===== Data for review =====
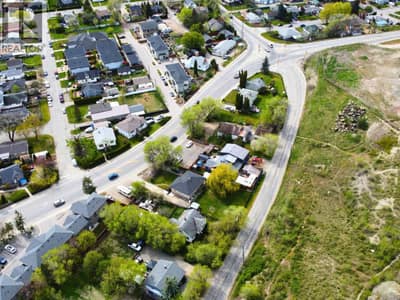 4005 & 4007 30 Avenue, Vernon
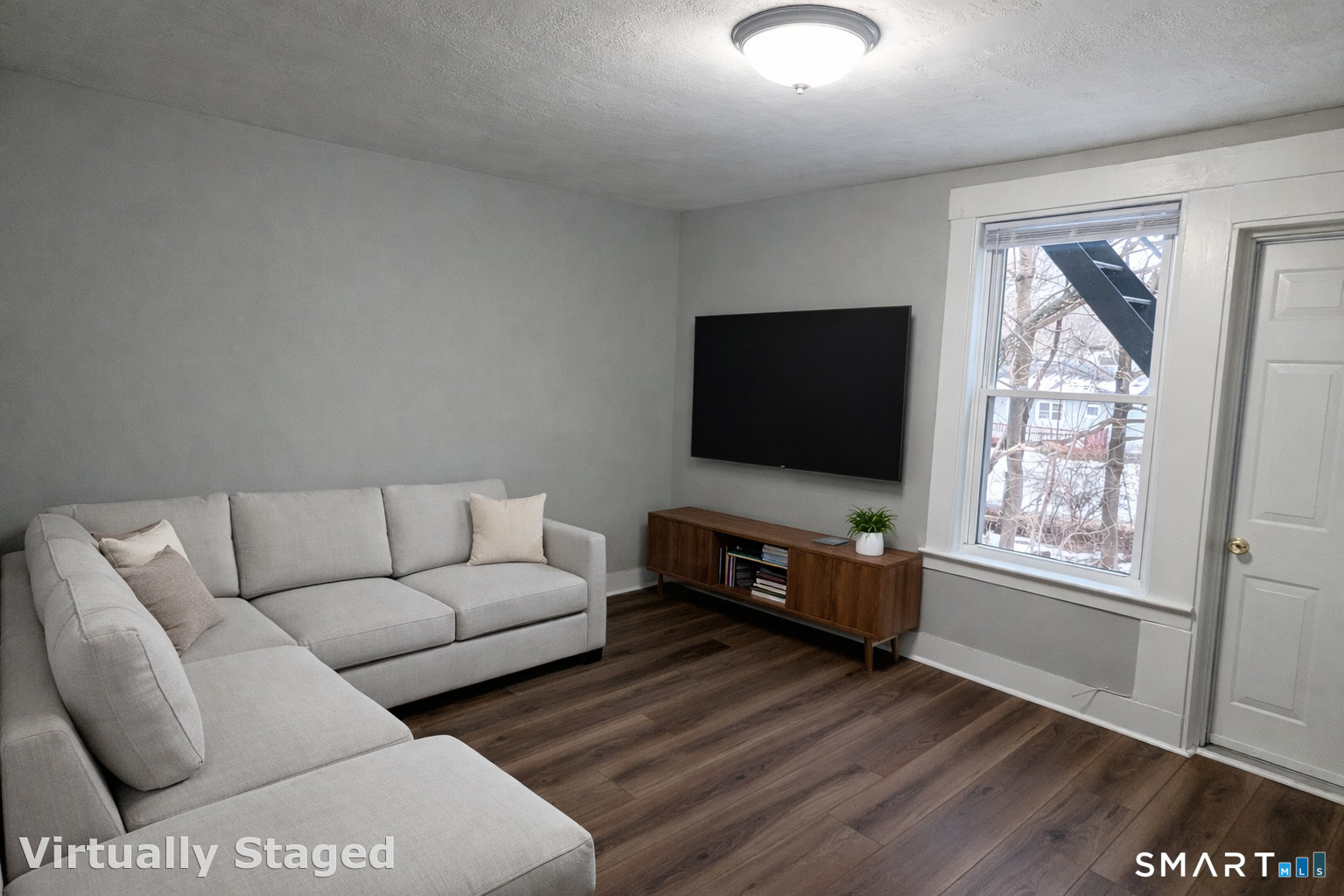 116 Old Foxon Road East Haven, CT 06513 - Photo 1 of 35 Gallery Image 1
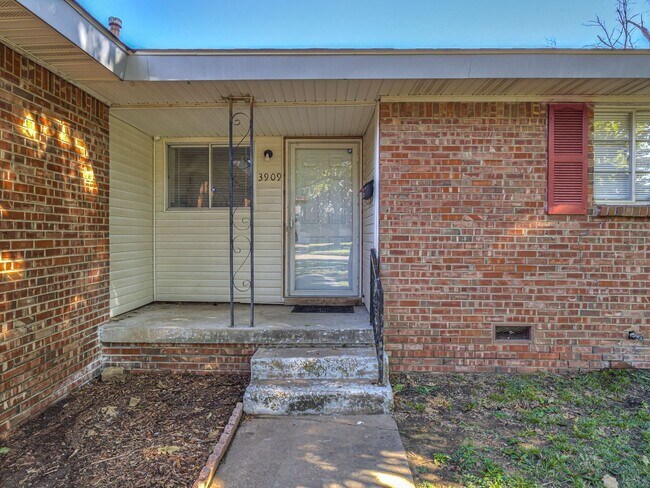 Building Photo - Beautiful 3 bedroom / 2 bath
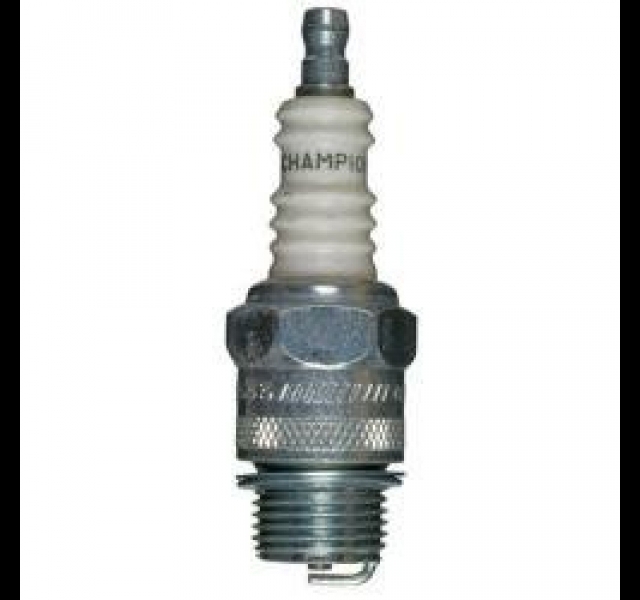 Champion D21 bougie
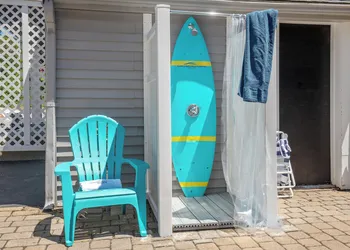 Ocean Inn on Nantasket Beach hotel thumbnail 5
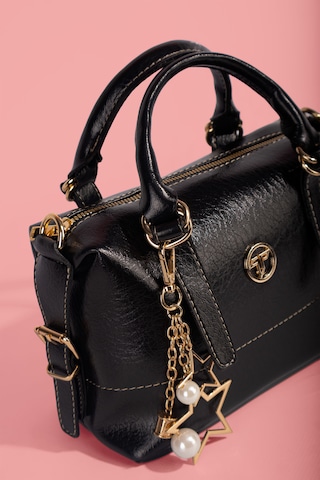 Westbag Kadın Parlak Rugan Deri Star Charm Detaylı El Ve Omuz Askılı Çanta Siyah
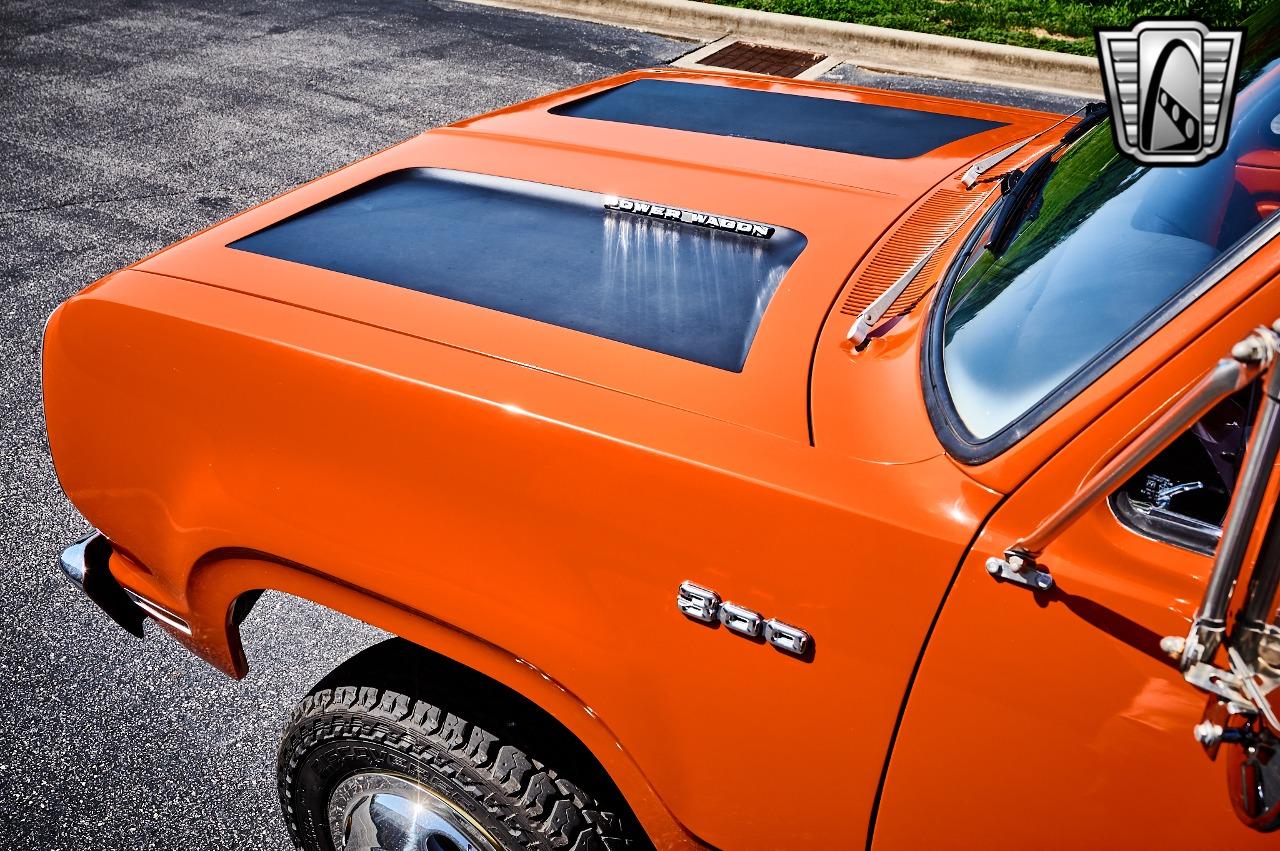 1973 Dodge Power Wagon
=====
* _Directions for this task_
Lines from the one that contains "Building Photo - Beautiful" through the last line of the data above are to be extracted exactly, with no pictures and no other lines.

* _Exercise output_
 Building Photo - Beautiful 3 bedroom / 2 bath
 Champion D21 bougie
 Ocean Inn on Nantasket Beach hotel thumbnail 5
 Westbag Kadın Parlak Rugan Deri Star Charm Detaylı El Ve Omuz Askılı Çanta Siyah
 1973 Dodge Power Wagon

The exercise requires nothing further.